● **Work task**
Down to the last line, set down the listing below exactly, apart from its pictures.

● **Supplied material**

_ _ _ _ _

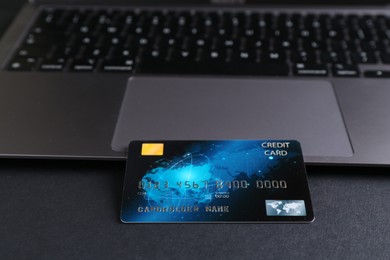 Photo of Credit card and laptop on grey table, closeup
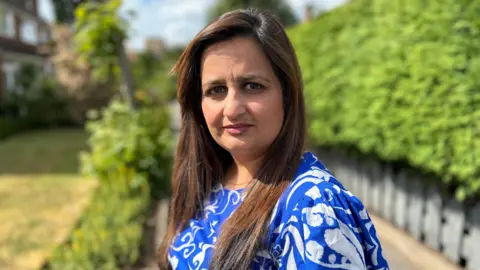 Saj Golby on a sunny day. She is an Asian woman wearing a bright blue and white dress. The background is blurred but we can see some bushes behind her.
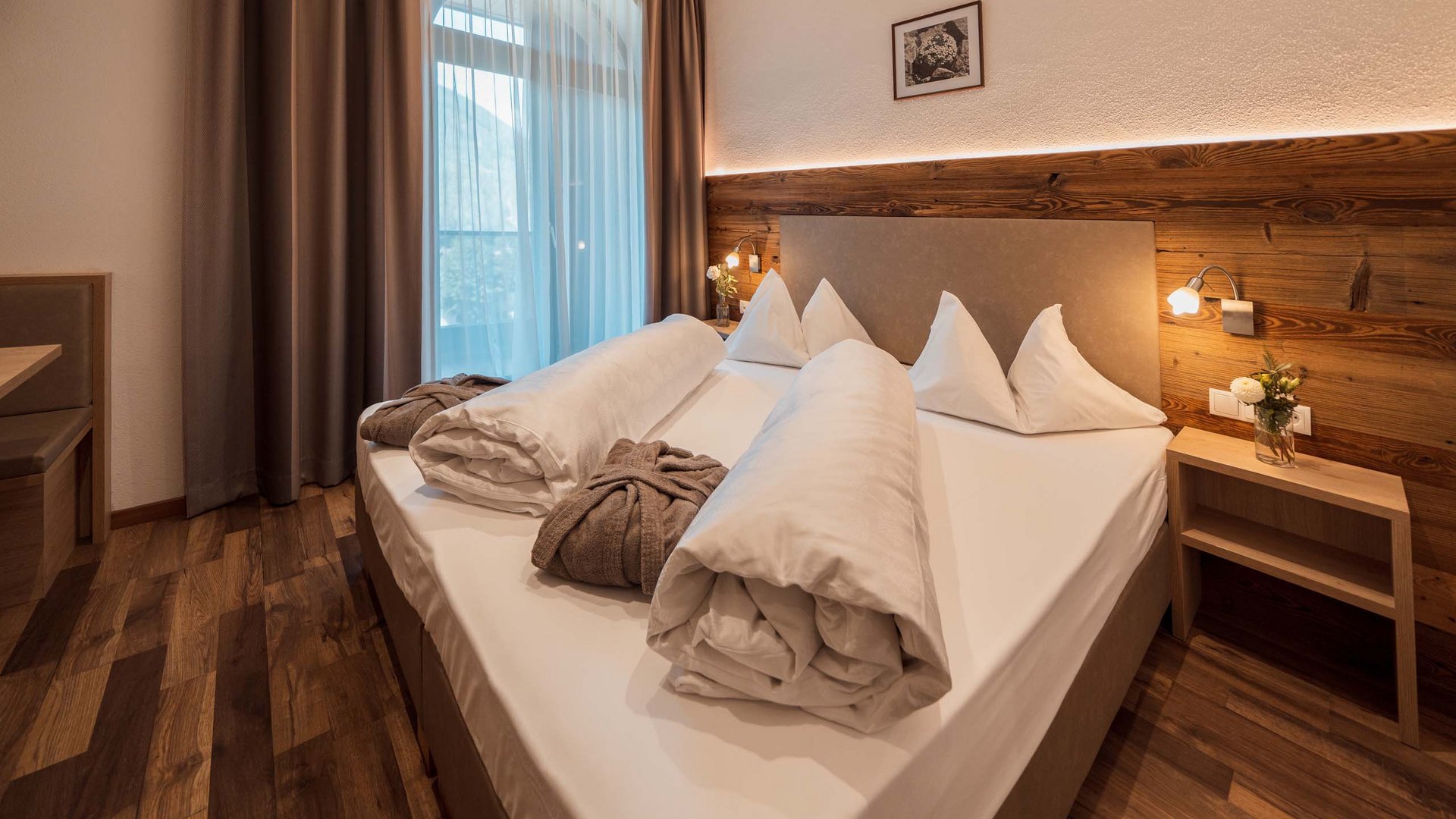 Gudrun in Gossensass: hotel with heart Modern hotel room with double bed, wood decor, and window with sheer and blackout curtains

_ _ _ _ _

● **Solution**
 Photo of Credit card and laptop on grey table, closeup
 Saj Golby on a sunny day. She is an Asian woman wearing a bright blue and white dress. The background is blurred but we can see some bushes behind her.
 Gudrun in Gossensass: hotel with heart Modern hotel room with double bed, wood decor, and window with sheer and blackout curtains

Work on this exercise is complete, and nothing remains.